Handwritten signatures have a long tradition of use in commonly encountered verification tasks, such as financial transactions and document authentication. They are easily used and well accepted by the general public, and signatures are straightforward to obtain with relatively cheap devices. These are important advantages of signature recognition over other biometrics. Yet, signature recognition also has some drawbacks: it is a difficult pattern recognition problem due to large possible variations between different signatures made by the same person. These variations may originate from instabilities, emotions, environmental changes, etc., and are person dependent. In addition, signatures can be forged more easily than other biometrics.

The signature recognition task can be split into two categories depending on the data acquisition method:

  • Off-line (static), the signature is scanned from a document and the system recognizes the signature, analyzing its shape.

  • On-line (dynamic), the signature is acquired in real time by a digitizing tablet and the system analyzes shape and the dynamics of writing, using for example: position with respect to the x and y axes, pressure applied by the pen, etc.

Using dynamic data, further information can be extracted, such as acceleration, velocity, curvature radius, etc. [22]. In this paper, we will focus on the online or dynamic signature recognition task.

For a signature verification system, depending on testing conditions and environment, three types of forgeries can be established [22]:

  • Simple forgery, where the forger does not attempt to simulate or trace a genuine signature.

  • Substitution or random forgery, where the forger uses his/her own signature as a forgery.

  • Freehand or skilled forgery, where the forger tries and practices imitating as closely as possible the static and dynamic information of the signature to be forged.

From the point of view of security, the last one is the most damaging and, for this reason, some databases suitable for system development include some trained forgeries [21, 25].

The remaining sections of this paper will be devoted to the task of dynamic signature verification, also known as authentication. This paper is organized as follows: Sect. 2 is focused on template matching dynamic signature recognition, and proposes a signature recognition methodology based on vector quantization (VQ). This approach is compared with the state-of-the-art algorithm for on-line signature recognition, which is Dynamic Time Warping (DTW).
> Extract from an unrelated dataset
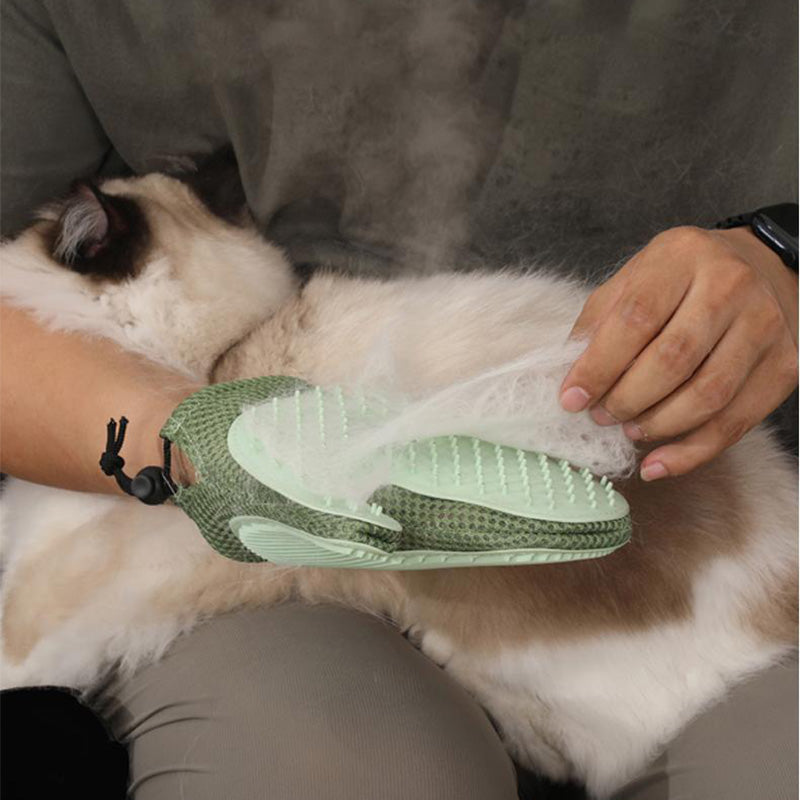 FurMist – Fellpflege ohne Wasserstress!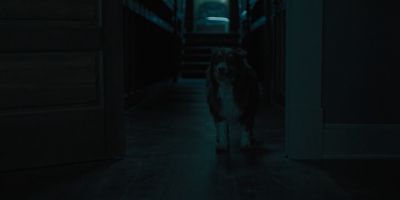 Still from Hereditary (2018) that has been tagged with: 004852 & doorway & interior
Section 3 provides experimental results, and Sect. 4 summarizes the conclusions of this work.

2 Signature recognition based on multi-section VQ

In this section, we present a multi-section vector quantization algorithm for on-line signature recognition. This method is an improved version of the classical vector quantization approach that we proposed in [8], and can also be interpreted as a variant of split-VQ [10].

It has been recently found that the Dynamic Time Warping (DTW) algorithm outperforms HMM for signature verification [14]. For this reason we will use DTW as the baseline algorithm for performance comparison.

Appendix 1 describes the DTW algorithm. In our case, we will use five signatures per person, acquired during enrollment. DTW works out the distance between the test set of vectors and each of the five training sets.

Distance computation implies a warping by means of dynamic programming. We compute five distances, each one being the result of comparing the test sequence with each of the five training repetitions. These five distances are combined using three different approaches, min{}, mean{}, and median{}, in order to obtain the final distance. A more detailed explanation of VQ and DTW algorithms can be found in [8].

Template matching approaches are especially appropriate when a small number of samples are available for training a model. This is the case with on-line signature recognition. However, VQ presents one drawback: it is unable to model the temporal evolution of the signature (it averages all the vectors), which is certainly important for signature recognition. For this reason, we propose a multi-section codebook approach. This proposal is described in detail in Sect. 2.1.

2.1 Proposed algorithm based on multi-section codebook approach

DTW offers one advantage over VQ: it takes into account the temporal evolution of the signature. However, a simple model called the multi-section codebook [1, 2] was proposed in the mid-1980s in speech and speaker recognition. Although this approach was discarded due to the higher accuracies of HMM, we should take into account that signature recognition differs from speech/speaker recognition, because the length of the training set is rather short and it is hard in this situation to estimate an accurate statistical model. This observation is well known in the field of speaker recognition, where higher recognition rates using VQ compared with HMM have been reported for short training/testing sets.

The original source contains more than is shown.